[Gluster-users] Concurrency limitation?
Mohit Anchlia
mohitanchlia at gmail.com
Tue Feb 7 17:47:50 UTC 2012
Fuse has a limitation where in requests become single threaded at the
server layer. I had opened a bug but have not got any traction so far.
Adding more concurrent connections starts to do lot of context
switching at FUSE layer. This is an inherent limitation.
On Tue, Feb 7, 2012 at 6:09 AM, Brian Candler <B.Candler at pobox.com> wrote:
> I appear to be hitting a limitation in either the glusterfs FUSE client or
> the glusterfsd daemon, and I wonder if there are some knobs I can tweak.
>
> I have a 12-disk RAID10 array. If I access it locally I get the following
> figures (#p = number of concurrent reader processes)
>
> #p files/sec
> 1 35.52
> 2 66.13
> 5 137.73
> 10 215.51
> 20 291.45
> 30 337.01
>
> If I access it as a single-brick distributed glusterfs volume over 10GE I
> get the following figures:
>
> #p files/sec
> 1 39.09
> 2 70.44
> 5 135.79
> 10 157.48
> 20 179.75
> 30 206.34
>
> The performance tracks very closely the raw RAID10 performance at 1, 2 and 5
> concurrent readers. However at 10+ concurrent readers it falls well below
> what the RAID10 volume is capable of.
>
> These files are an average of 650K each, so 200 files/sec = 134MB/s, a
> little over 10% of the 10GE bandwidth.
>
> I am guessing either there is a limit on the number of concurrent
> operations on the same filesystem/brick, or some sort of window limit I've
> hit.
>
> I have tried:
> gluster volume set raid10 performance.io-thread-count 64
> and restarted glusterd and remounted the filesystem, but it didn't seem
> to make any difference.
>
> I have also tried two separate client machines each trying 15 concurrent
> connections, but the aggregate throughput is no more than 30 processes on a
> single client. This suggests to me that glusterfsd (the brick) is the
> bottleneck. If I attach strace to this process it tells me:
>
> Process 1835 attached with 11 threads - interrupt to quit
>
> Can I increase that number of threads? Is there anything else I can try?
>
> Regards,
>
> Brian.
>
> Test Methodology:
>
> I am using the measurement script below, either pointing it at data/raid10
> /on the server (the raw brick) or /mnt/raid10 on the client. The corpus of
> 100K files between 500KB and 800KB was created using
>
> bonnie++ -d /mnd/raid10 -n 98:800k:500k:1000:1024k -s 0 -u root
>
> and then killing it after the file creation phase.
>
> ------- 8< --------------------------------------------------------------
> #!/usr/bin/ruby -w
>
> FILEGROUPS = {
> "sdb" => "/data/sdb/Bonnie.26384/*/*",
> "sdc" => "/data/sdc/Bonnie.26384/*/*",
> "sdd" => "/data/sdd/Bonnie.26384/*/*",
> "sde" => "/data/sde/Bonnie.26384/*/*",
> "replic" => "/mnt/replic/Bonnie.3385/*/*",
> "raid10-direct" => "/data/raid10/Bonnie.5021/*/*",
> "raid10-gluster" => "/mnt/raid10/Bonnie.5021/*/*",
> }
>
> class Perftest
> attr_accessor :offset
>
> def initialize(filenames)
> @offset = 0
> @filenames = filenames
> @pids = []
> end
>
> def run(n_files, n_procs=1, dd_args="", random=false)
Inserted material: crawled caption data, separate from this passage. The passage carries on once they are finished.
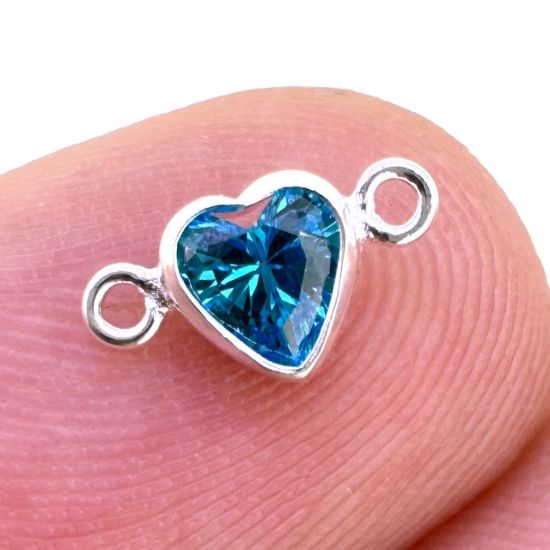 Wholesale 925 Sterling Silver Fancy Tiny Heart Shaped Birthstone Bezel Connectors - AAA CZ Stones - 4mm (sold per piece)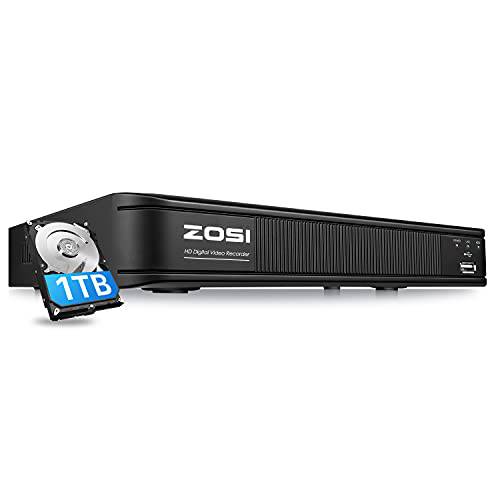 ZOSI H.265+ 5MP 라이트 8 채널 CCTV DVR 레코더  하드디스크 1TB, 리모컨 액세스, 모션 경보 푸시, 하이브리드 Capability 4-in-1(Analog/ AHD/ TVI/ CVI) 풀 1080p HD 감시 DVR  보안카메라, CCTV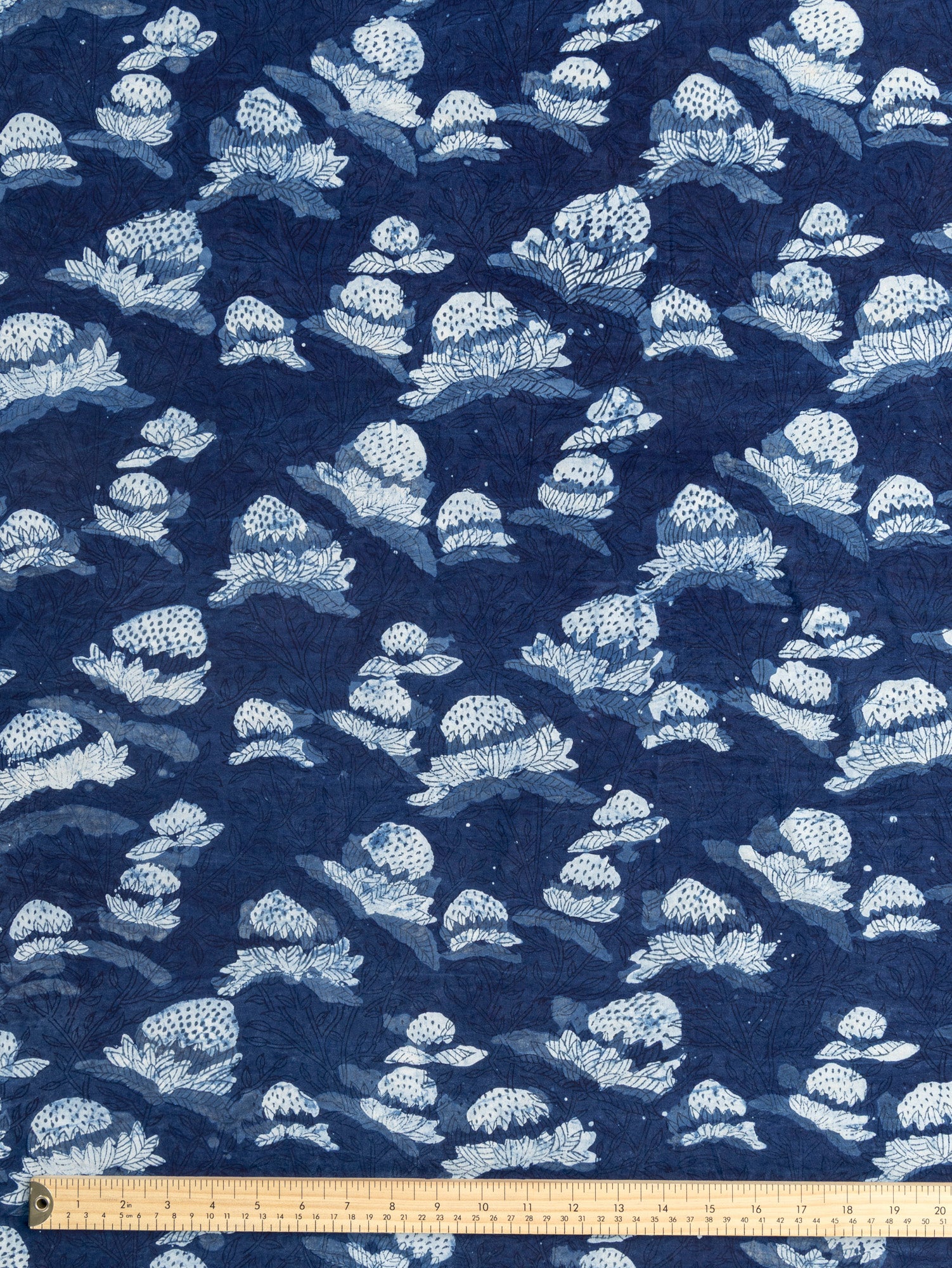F-COT491-Beautifully-Imperfect-Strawberry-Flower-Block-Print-Cotton-Poplin-Indigo+Chambray-Core-Fabrics-ruler.JPG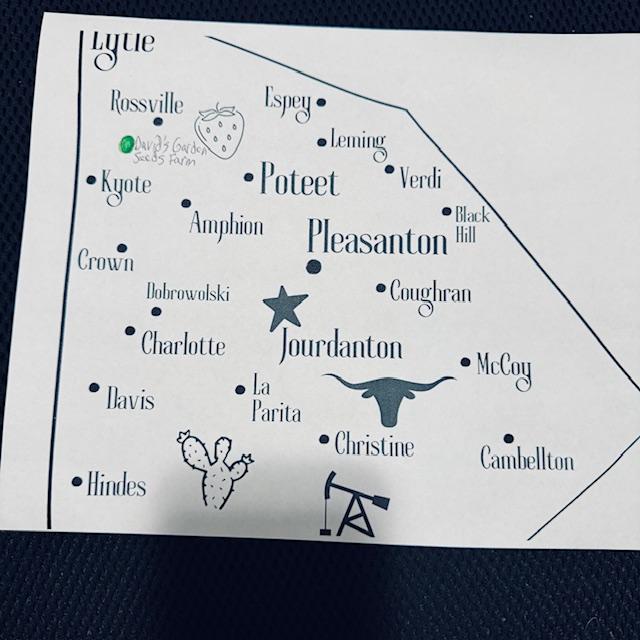 David's Garden Seeds Farm is actually located between Rossville and Kyote on the upper left portion of this map. We are not near Poteet.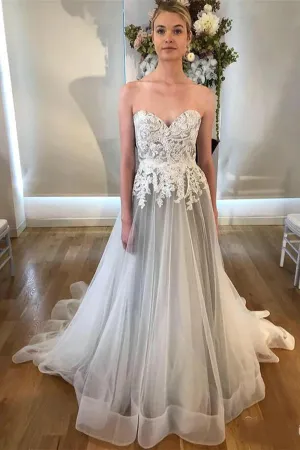 Sweetheart Neck A Line Silver Grey Long Prom Dresses Long Appliqued Evening Dresses OK2021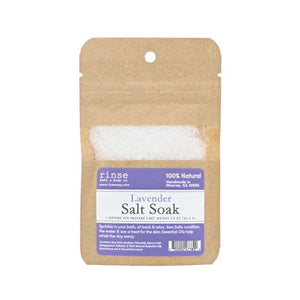 LAVENDER SALT SOAK - Time to relax with some lavender in a blend of sea salt and epsom salt help soothe over-worked, sore and tired muscles all while helping to condition the skin. Contains 1 serving of soaking salts. 100% naturally derived ingredients: blend of sea salts, epsom salts, lavender essential oil, Tapioca Starch (to dissipate the essential oils). Made by Rinse Soap in Georgia. Vegan.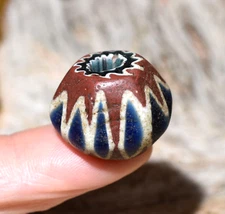Antique Venetian Ground Seven Layer Chevron Italian Drawn Bead, African Trade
> system("echo 3 >/proc/sys/vm/drop_caches")
> if random
> files = @filenames.sort_by { rand }[0, n_files]
> else
> files = (@filenames + @filenames)[@offset, n_files]
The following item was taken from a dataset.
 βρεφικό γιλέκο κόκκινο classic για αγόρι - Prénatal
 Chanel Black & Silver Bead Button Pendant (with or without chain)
> @offset = (offset + n_files) % @filenames.size
> end
> chunks = files.each_slice(n_files/n_procs).to_a[0, n_procs]
> n_files = chunks.map { |chunk| chunk.size }.inject(:+)
> timed(n_files, n_procs, "#{dd_args} #{"[random]" if random}") do
> @pids = chunks.map { |chunk| fork { run_single(chunk, dd_args); exit! } }
> @pids.delete_if { |pid| Process.waitpid(pid) }
> end
> end
>
> def timed(n_files, n_procs=1, args="")
> t1 = Time.now
> yield
> t2 = Time.now
> printf "%3d %10.2f %s\n", n_procs, n_files/(t2-t1), args
> end
>
> def run_single(files, dd_args)
> files.each do |f|
> system("dd if='#{f}' of=/dev/null #{dd_args} 2>/dev/null")
> end
> end
>
> def kill_all(sig="TERM")
> @pids.each { |pid| Process.kill(sig, pid) rescue nil }
> end
> end
>
> label = ARGV[0]
> unless glob = FILEGROUPS[label]
> STDERR.puts "Usage: #{$0} <filegroup>"
> exit 1
> end
> perftest = Perftest.new(Dir[glob].freeze)
>
> # Remember the offset for sequential tests, so that re-runs don't use
> # cached data at the server. Still better to drop vm caches at the server.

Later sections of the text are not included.